# Aulani in April



## PearlCity (Feb 9, 2013)

I tried to log on to disboards but I can't this time of night for some reason but I had a question.  Why is Aulani in April considered peak time for points? Right up there with christmas, new years, easter week and thanksgiving? 

April just doesn't seem like it would be that busy with kids in school. It's cheaper point wise for the summer months.. Is there something special going on in April over there?


----------



## Weimaraner (Feb 9, 2013)

April is Spring Break. Everyone gets a week off. Many are around Easter but can vary. Aruba Surf Club has a platinum plus week in April (like the other holidays) but it doesn't match o
My DD's spring break.


----------



## BocaBum99 (Feb 9, 2013)

PearlCity said:


> I tried to log on to disboards but I can't this time of night for some reason but I had a question.  Why is Aulani in April considered peak time for points? Right up there with christmas, new years, easter week and thanksgiving?
> 
> April just doesn't seem like it would be that busy with kids in school.
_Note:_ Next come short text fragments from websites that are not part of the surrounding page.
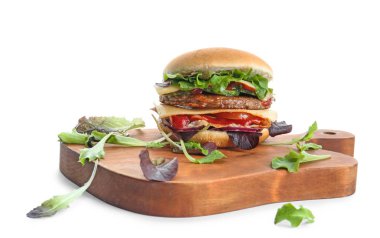 Beyaz zemin üzerine lezzetli burger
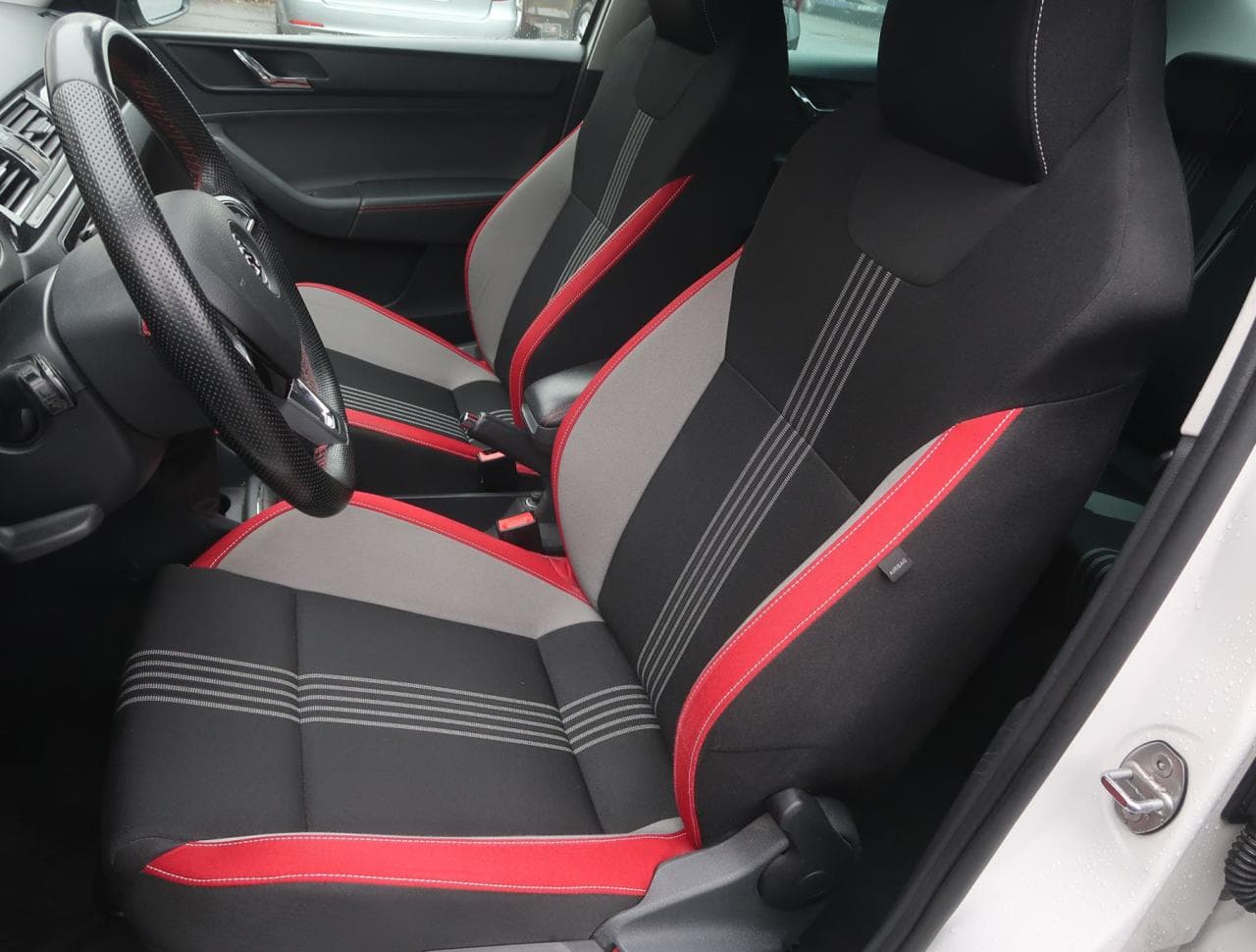 2016 Škoda Rapid - 16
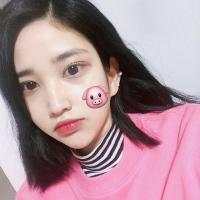 混混小仙女. 俩个人分手后，一个是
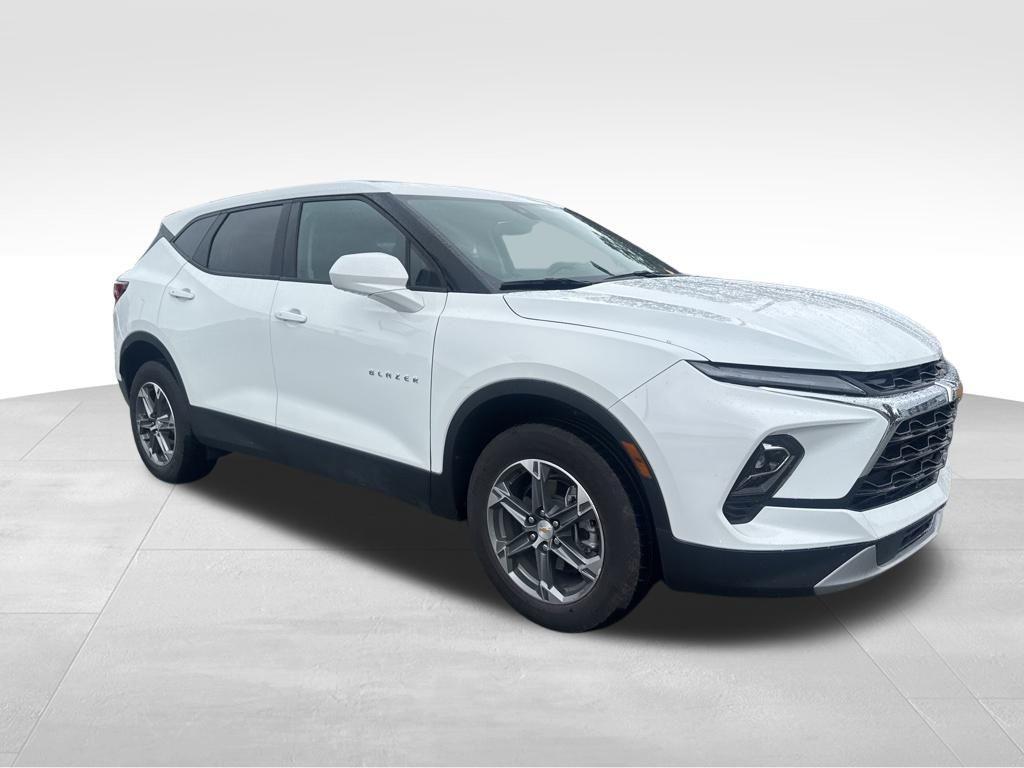 used 2025 Chevrolet Blazer car, priced at $25,887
It's cheaper point wise for the summer months.. Is there something special going on in April over there?



I just looked at the point table for Aulani.  Only April 1-6 and April 29-30 are Premier season.  

April 1-6 is the week after Easter.  Makes sense that it would be high points.  

April 29-May 5 is Golden Week in Japan.   Since Disney markets to the Japanese, this week makes senses as high season.


----------



## PearlCity (Feb 9, 2013)

BocaBum99 said:


> I just looked at the point table for Aulani.  Only April 1-6 and April 29-30 are Premier season.
> 
> April 1-6 is the week after Easter.  Makes sense that it would be high points.
> 
> April 29-May 5 is Golden Week in Japan.   Since Disney markets to the Japanese, this week makes senses as high season.



Ah I could figure the first week in April but the April 29-may 5 had me stumped!  For sine reason I though golden week was later in the year.


----------



## BocaBum99 (Feb 9, 2013)

PearlCity said:


> Ah I could figure the first week in April but the April 29-may 5 had me stumped!  For sine reason I though golden week was later in the year.



You are probably thinking about Golden Week in China.  That is usually in Oct.

In Japan, Boy's day is May 5.  Golden Week always precedes Boy's day.   I think they renamed Boy's day to Children's day even though there is a Girl's day, too.

Since I am from California, May 5 is Cinco de Mayo which we always celebrated as the end of Finals week, so I don't forget Boy's day.


----------



## rhonda (Feb 9, 2013)

FWIW, I didn't check the point charts but just last night booked 4 nights for this coming April in a Studio unit (Island view).  The nights I wanted were available in several different unit sizes/types.

Alaska Airlines is having a fare sale ...


----------